Four-year-old Tia Sheaves wants to brush her little cheeks up against grandpa's prickly beard and give the burly man a hug again.
Instead, over the past few weeks, the Maple Ridge youngster has been helping her mother Stacey Rikkinen and other members of their family plaster missing posters around Maple Ridge and Langley, in hopes of finding her grandfather.
But those hopes were dashed Monday, when Stacey received a phone call saying her father's truck had been found torched in Aldergrove, with a dead body inside.
While police are waiting for a coroner to confirm the identity of the body, family are fearing the worst.
They fear the body might belong to Dan Rikkinen, who went missing a week after his 59th birthday.
All the family can do now, Stacey's husband Justin told The TIMES late Monday afternoon, is wait and hope it's not him.
Langley RCMP were unable to confirm the reports prior to press deadline.
HIS FINAL CONTACT WITH FAMILY
The former long-time Maple Ridge resident, who has been living in Langley for at least a decade, was just in the midst of moving to Vancouver Island to retire with his wife Dianne Schmidt, Stacey explained.
Her father last saw and spoke with family on Nov. 22 - making promises for the next day and making plans with different members of the family for the weekend.
He was then seen the next morning by hotel staff (where they'd been staying since selling their houseboat Nov. 1) and by a bank clerk.
What happened after that is unclear.
It's believed he would have driven from the Willowbrook area bank to a nearby Starbucks, then east to Langley Memorial Hospital to visit his wife - who recently fractured her pelvis in a fall out-side their Langley boathouse and required hospitalization.
Instead, Rikkinen vanished. "We've had nothing, and I mean nothing, since then," Stacey told The TIMES Friday.
Since he went missing, there was no activity on Rikkinen's bank accounts, credit cards, phone, email or other systems police typically monitor for a missing person.
And there had been no sign of his missing maroon-coloured GMC Cheyenne pickup with canopy (licence plate EH2194), until family received notification about the weekend fire.
"For him to have made plans for Friday, and to have made plans for Saturday, then to get in his truck and drive off. it doesn't make sense," said Stacey, his only daughter.
Admittedly, she doesn't see her father more than two or three times a year, but Stacey had talked to him on the phone, emailed him, and texted with him days before his disappearance.
"Whatever has happened, whatever is going on, we just want to know you're safe," she said Friday, still hopeful that message would reach her father.
"He is a father. He is a grandfather [to Tia and her older sister Tru], and there are a lot of people who love him very much," said Stacey, who was born and raised and still resides in Maple Ridge.

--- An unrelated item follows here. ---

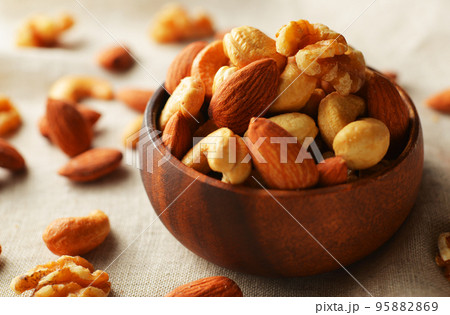 ミックスナッツ 95882869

en went v. 23. While Rikkinen was born in Israel, he immigrated to Canada - and specifically Maple Ridge - when he was a child. He still has family in the area, but has spent very little time in the community in recent years.
While she was putting up some missing posters close to home in Maple Ridge and Pitt Meadows, she had not expected her father to end up over on this side of the river - and she's now fearful she was right.
DESCRIBED AS SHY, GENTLE
Rikkinen and his wife Dianne Schmidt were planning to retire to Vancouver Island this month - as soon as Dianne was released from hospital - to be close to two of her three boys.
Rikkinen was apparently already working part-time there, driving truck, and in the days leading up to his disappearance he had been moving a lot of their belongings over to the Island.
Describing him, she said her father is short and stocky, standing about 5 ft 6 in with sandy brown/grey hair and blue eyes.
He has no medical issues. He is an avid smoker. He is a recovering alcoholic with more than 20 years of sobriety, she said, reaffirming police reports that alcohol and drugs are not believed to be factors in his disappearance.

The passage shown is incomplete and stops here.